### Extracted entries:
+---+
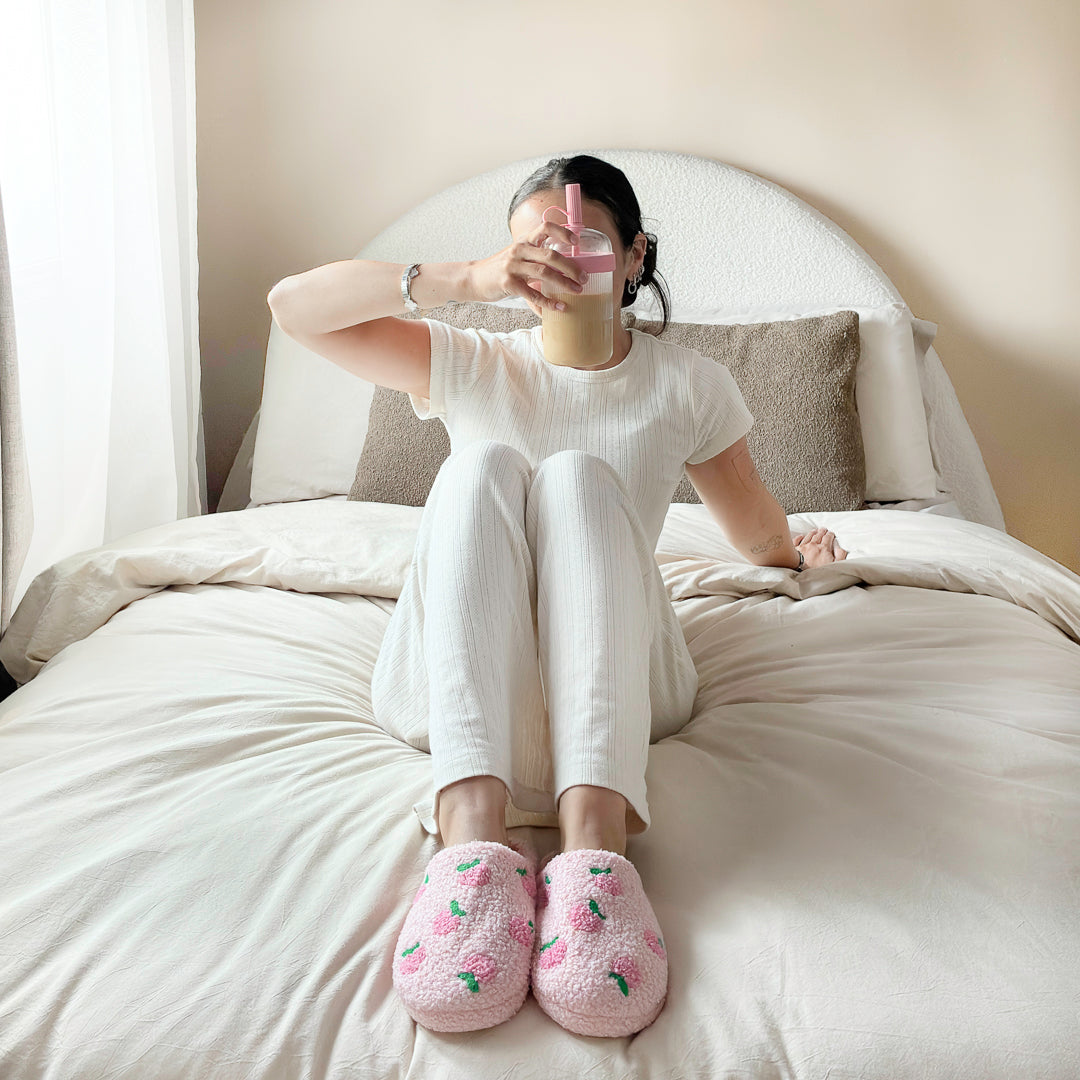 Peach patterned slippers with fluffy plush texture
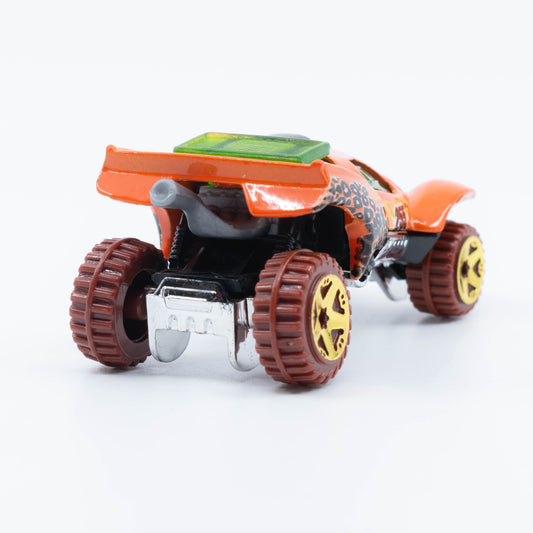 Hot Wheels Da’Kar off-road die-cast vehicle with raised suspension, rally graphics, and all-terrain tires. Back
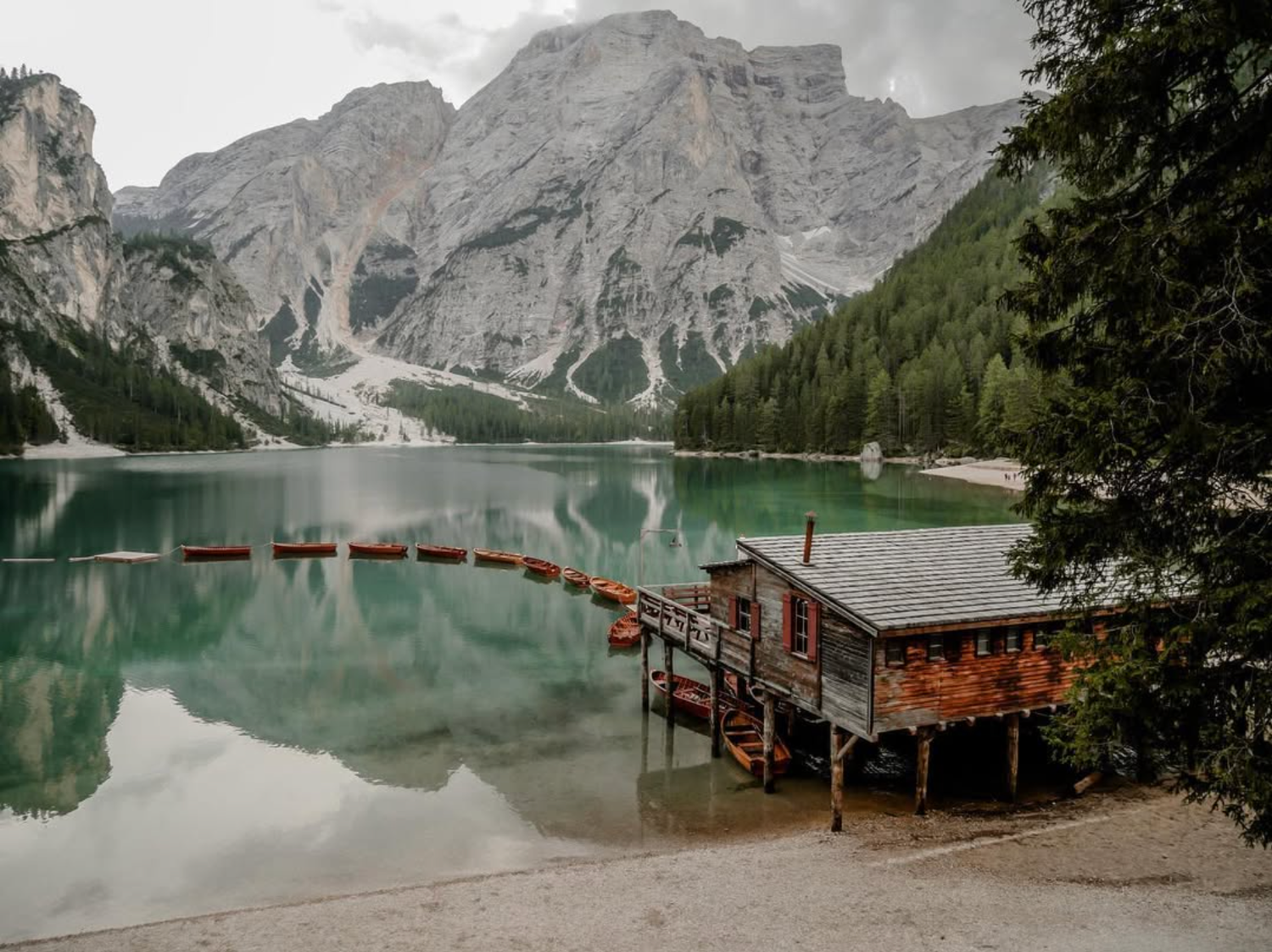 Wooden boardwalk along a pristine alpine lake surrounded by towering mountain peaks and dense forest.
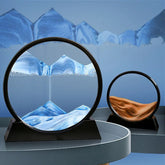 Sand Frame with vibrant blue and orange sand in black circular acrylic frames creating textured mountain and dune patterns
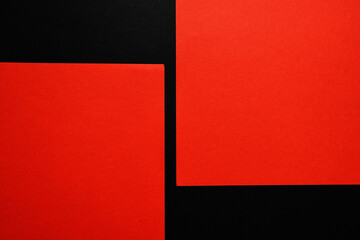 Sheets of red paper on black background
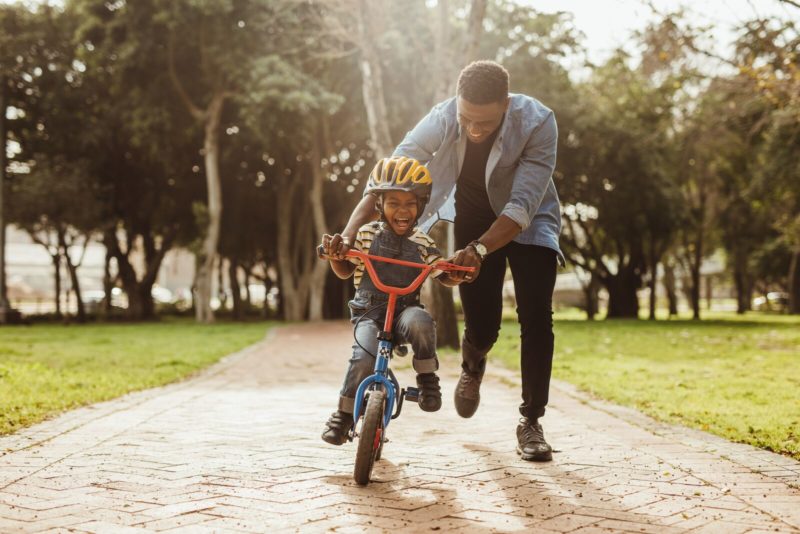 Man teaching his sun how to ride a bicycle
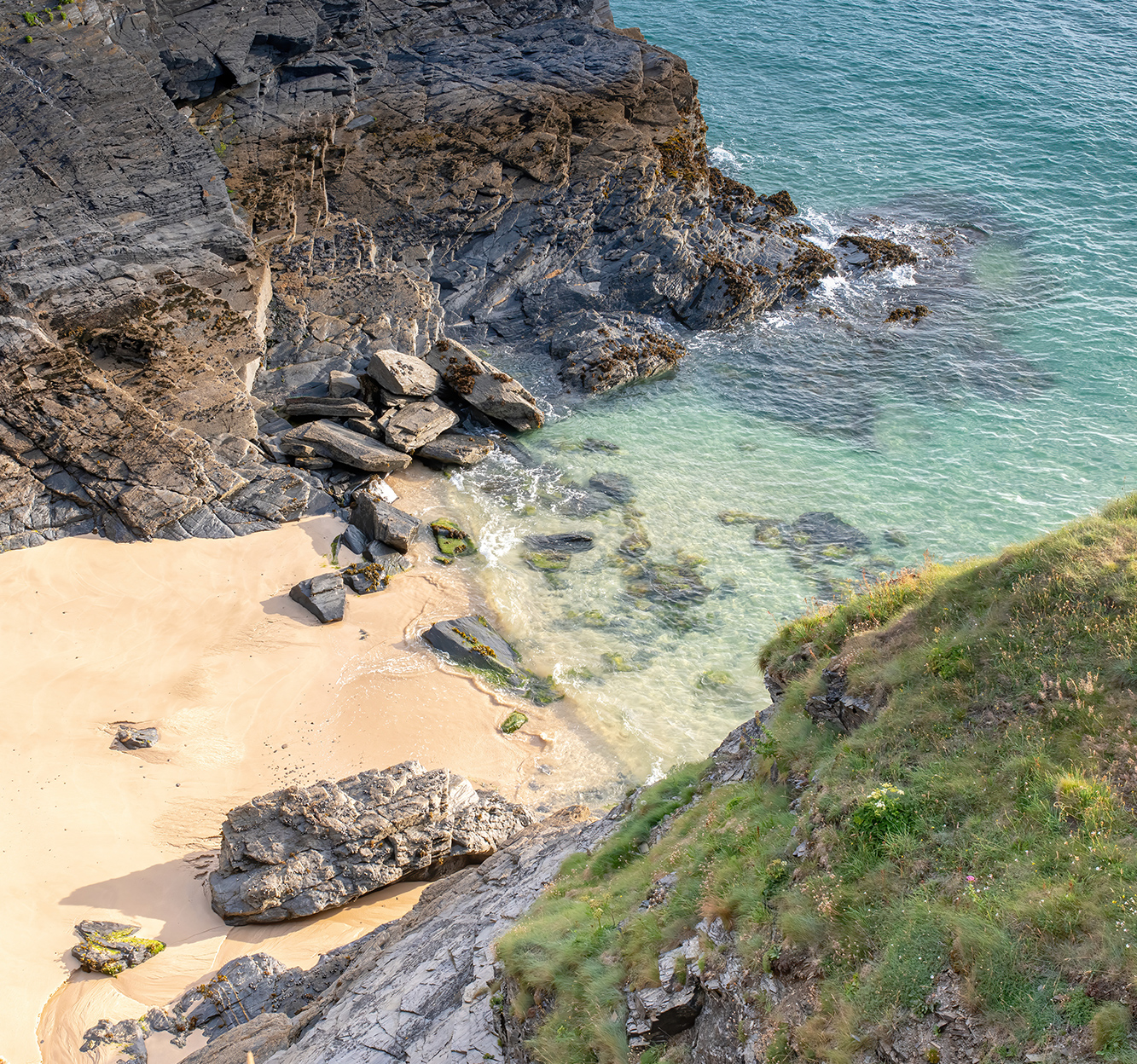 Hidden coves along the north Cornwall coast with rocky cliffs and clear blue sea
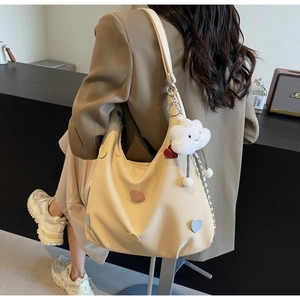Borsa tote in tela beige con toppe a cuore colorate e ciondolo a nuvola su modella
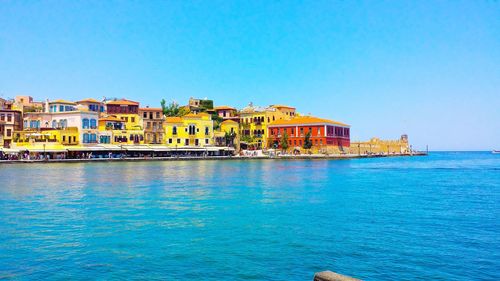 Scenic view of sea against clear blue sky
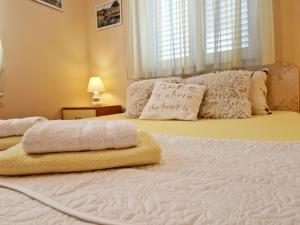 Posteľ alebo postele v izbe v ubytovaní Apartment 3 Sisters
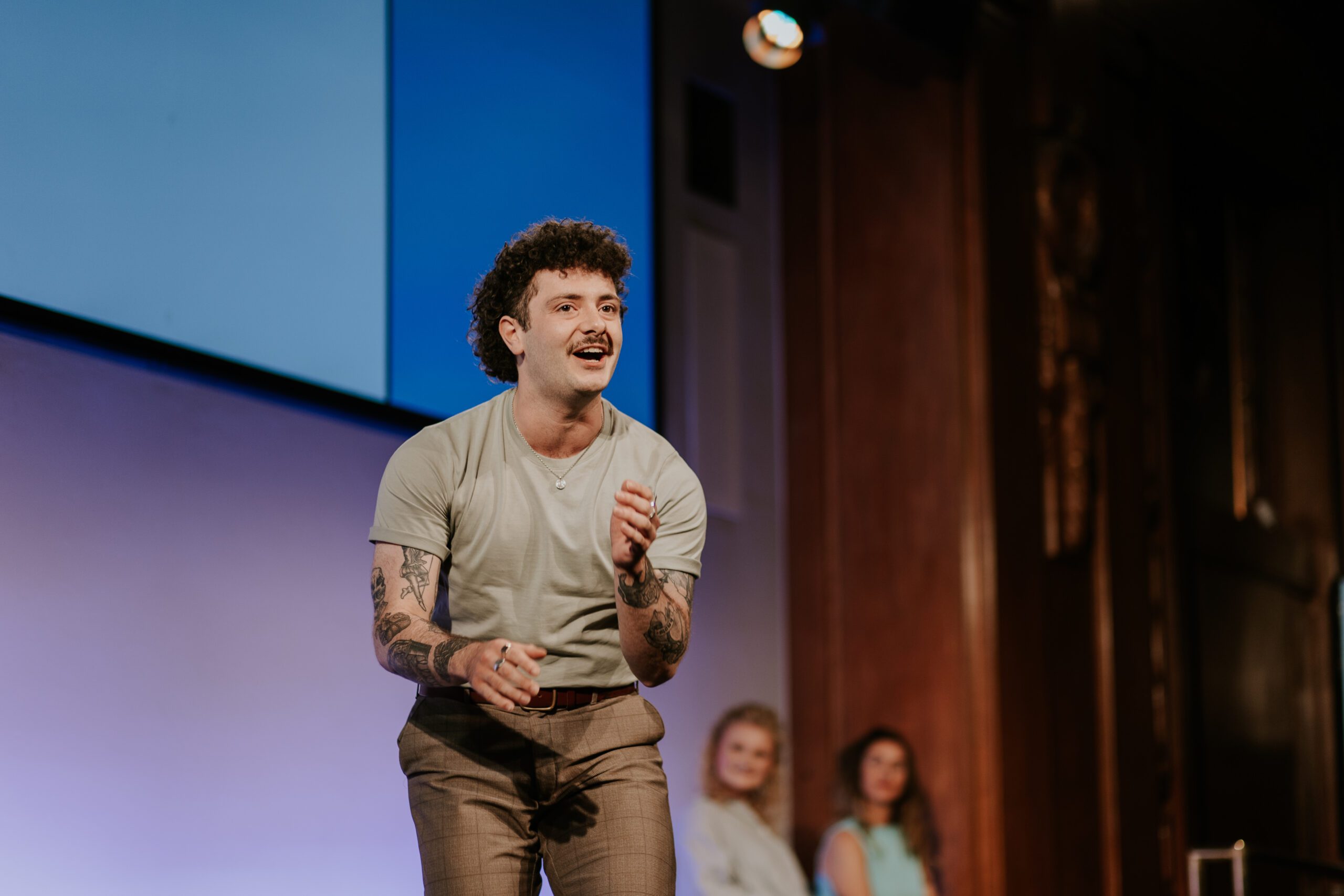 Actor Lucas Albion performing a monologue on-stage at the Spotlight Prize 2023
+---+
### What to work on:
Above this task is a listing with pictures in it. Retype only the lines from the one containing "Hot Wheels Da’Kar" through the one containing "Sheets of red paper on black background", both included, and not the pictures.

### Your response:
 Hot Wheels Da’Kar off-road die-cast vehicle with raised suspension, rally graphics, and all-terrain tires. Back
 Wooden boardwalk along a pristine alpine lake surrounded by towering mountain peaks and dense forest.
 Sand Frame with vibrant blue and orange sand in black circular acrylic frames creating textured mountain and dune patterns
 Sheets of red paper on black background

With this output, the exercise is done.